Manually annotated corpora for teaching and learning purposes of Brazilian Portuguese, Dutch, Estonian, and Slovene
Handle: | https://hdl.handle.net/21.11129/0000-0010-05DA-3 (persistent URL to this page) |
---|---|
URL: | https://www.uc.pt/celga-iltec/crowll/ |
These are manually annotated corpora for teaching and learning purposes of Brazilian Portuguese, Dutch, Estonian, and Slovene, as a contribution to the Manually Annotated Corpora Family available in CLARIN. Sentences are annotated with “problematic” or “non-problematic” labels, from the point of usage for pedagogical purposes. Sentences labelled as problematic also have annotations defining the category of the problem (offensive, vulgar, sensitive content, grammar and/or spelling problems, incomprehensible and/or lack of context). Each corpus consists of 10.000 sentences, which were annotated by language experts.
These corpora were compiled in the context of a larger project to develop the CrowLL game, which is a gamified solution for further corpus growth based on crowdsourcing techniques. These corpora are used as “seed” corpora in the game, i.e., as the starting point for the crowdsource-supported development of larger corpora.

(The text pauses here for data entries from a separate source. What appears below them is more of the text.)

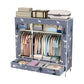 Modern Style Wardrobe Armoire Steel Frame Home Wardrobe with Drawers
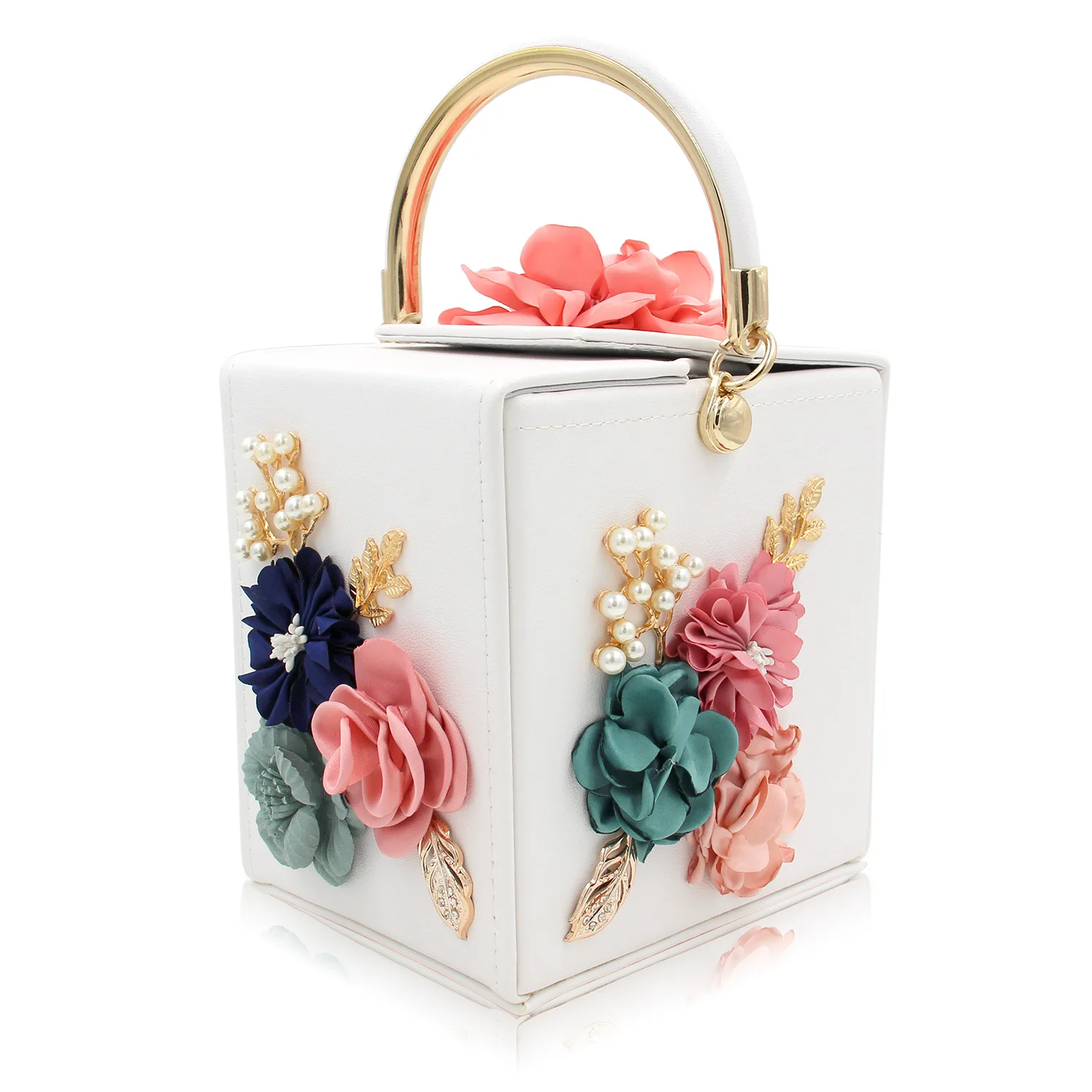 Женская вечерняя сумка, дизайнерская женская сумочка с цветами для свадьбы, женский клатч, модные вечерние сумки через плечо - Цвет: white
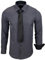 Baxboy 444-BK Herren Kontrast Hemd Business Hemden mit Krawatte Hochzeit Freizeit Fit, Farbe:Anthrazit, Größe:XL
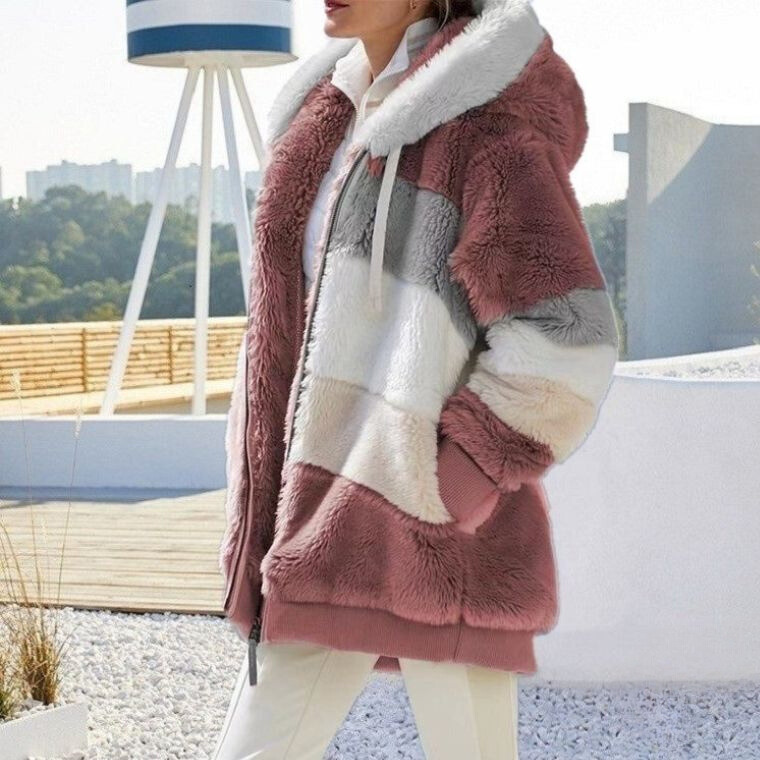 Street-wave Oversized Fleece Jacket for Women Cozy Warmth Plush Comfort Trendy Casual Outerwear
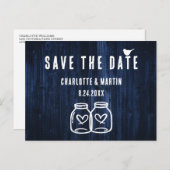 Rustic Navy Blue Wood Wedding Save the Date Aankondigingskaart (Voorkant / Achterkant)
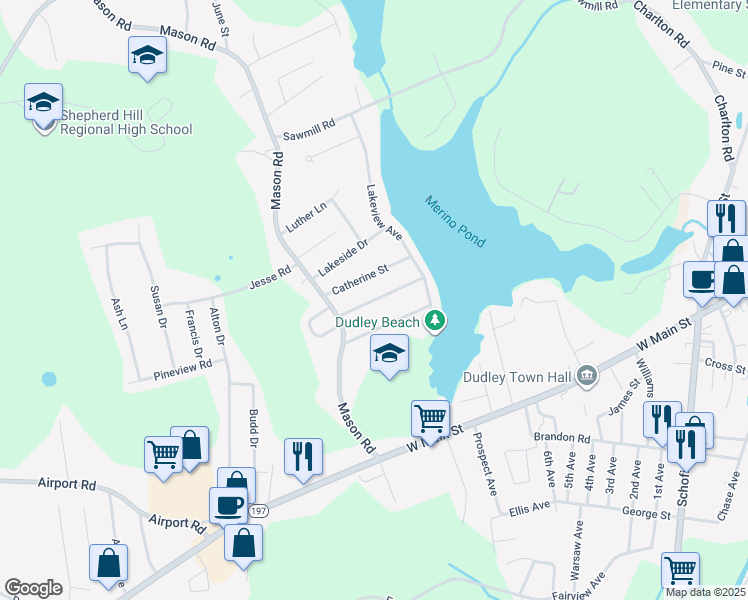 map of restaurants, bars, coffee shops, grocery stores, and more near 26 Oakwood Avenue in Dudley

Annotation guidelines for each one of the languages are included. For non-speakers of those languages, a general annotation guideline in English is included, so that it is possible to learn how the annotation was carried out.
These corpora will allow language teachers, materials developers and lexicographers to use the annotation to (de)select content/structure that is considered inappropriate or not (yet) suitable for the category of language learners involved. In addition to pedagogical goals, these corpora can also be used within NLP as datasets to train machine learning algorithms.
This project received funding from the CLARIN Resource Families Project (CRF), the Portuguese national funding agency, FCT – Foundation for Science and Technology, I.P. (grant number UIDP/04887/2020), and the Slovenian Research Agency, research core funding No. P6-0411, Language Resources and Technologies for Slovene. The project also acknowledges the support of the Dutch Language Institute, the Institute of the Estonian Language through the Estonian Research Council grant (PRG 1978), and Ruppin Academic Center.
Arhar Holdt, Špela; Kosem, Iztok (2023). Manually annotated corpora for teaching and learning purposes of Slovene.
Koppel, Kristina (2023). Manually annotated corpora for teaching and learning purposes of Estonian.
Tiberius, Carole (2023). Manually annotated corpora for teaching and learning purposes of Dutch.
Zingano Kuhn, Tanara (2023). Manually annotated corpora for teaching and learning purposes of Brazilian Portuguese.
Disclaimer:
This resource contains content that may be considered offensive or sensitive, such as racism, sexism, homophobia, pornography, death, illness or otherwise upsetting material. This content does not reflect the opinions and beliefs of the researchers involved in this project or their institutions.